View Single Post
  #233  
Old March 17th 19, 10:48 PM posted to alt.comp.os.windows-10
nospam
external usenet poster
 
Posts: 4,718
Default Reason *TO* pick on Windows 10

In article , Jonathan N. Little
wrote:


Well now. I have had to remove folks trying to network Quickbooks
with wireless and put them on wired. Anything data intensive, wireless
sucks.


nonsense. wifi works exceptionally well, regardless of data intensity.


In reality Quickbooks sucks on a network regardless wire/wireless,but
that is beside the point.


quickbooks sucks in many ways, but as you say, that's not the point.

A wired connection in real life gives you a
more consistent reliable signal period. A the frequency goes up to
increase bandwidth the shorter the range and the more susceptible the
wireless signal becomes. Just a fact.


wireless is *extremely* reliable, sometimes more reliable than wired.

ask comcast users how often their *wired* internet goes out. it's not
good. weekly glitches are common, if not expected, sometimes daily.

after a fibre cut last year, *cellular* was the fallback:
https://sanfrancisco.cbslocal.com/20...across-the-us-
due-to-cut-fiber-cables/
(CNN Money) ‹ Comcast customers across the United States experienced
a massive internet, cable TV, and telephone outage on Friday.
....
Customers took to their cellphones and mobile devices to complain
vociferously on Twitter. Some reported difficulty getting through to
Comcast customer service. The company took to Twitter to provide
updates and urge customers not to call 911.

and that was actually the *second* outage that *month*:
https://www.digitaltrends.com/comput...fects-phones-a
n-internet/
The outage on*Friday, June 29, follows an outage from earlier this
month that took down Comcast Business Voice and VoiceEdge Select
services.

which one is best for a given situation depends on many factors and
blindly picking wired (or wireless) is foolish.

Now from a radio design engineers standpoint, wireless was
designed to be the last mile. Not a real mile, but
to places where wires can't reach. So you put an access point
as close as possible to the receiver.


obviously, except that those access points might also be wireless,
otherwise known as mesh.

they also might not be particularly close, such as with cellular
towers, which can be several miles away in rural areas.

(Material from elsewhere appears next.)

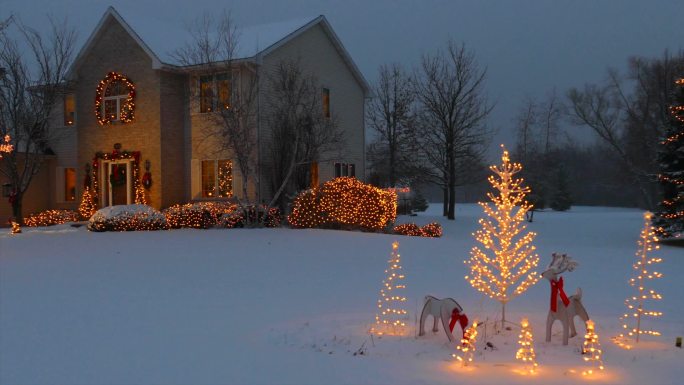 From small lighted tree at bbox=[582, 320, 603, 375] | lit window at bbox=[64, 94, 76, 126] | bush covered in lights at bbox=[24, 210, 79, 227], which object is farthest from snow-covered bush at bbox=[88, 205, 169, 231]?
small lighted tree at bbox=[582, 320, 603, 375]

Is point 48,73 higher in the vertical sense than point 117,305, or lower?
higher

Having really world experience with 5GHz wireless Internet can confirm
that my 5-12 mbps connection could suddenly drop to 0 to 100 kbsp randomly.


are you talking about wifi or a wireless isp?

5ghz is much too low for quality wireless internet, so it's not
surprising you had problems.

that doesn't mean *all* wireless is flawed.

most wisps use 30 ghz and higher, offering up to gigabit speeds,
without wires and with high reliability.

Being an extremely lucky rural US resident my rural electric coop
company decided to pull this area out of 3-world-status and also give a
Verizon the middle-finger-salute, (like they're building out any FIOS
now), and I have now had a FTTP connection for the last few days. There
is NO comparison for connection stability. Even when I had slow DSL the
connection was more stable than this wireless. The only advantage to
wireless is not have to route wires.


that is a significant advantage, especially when it doesn't impact
bandwidth.

BTW as part of the deal for deregulation 25 years ago the telcos
*promised* us a fiber-optic "Information Superhighway" in less than 10
years...


fibre is available in a lot of places, but with gigabit lte now and 5g
soon, along with gigabit wisps, there's little need for that anymore.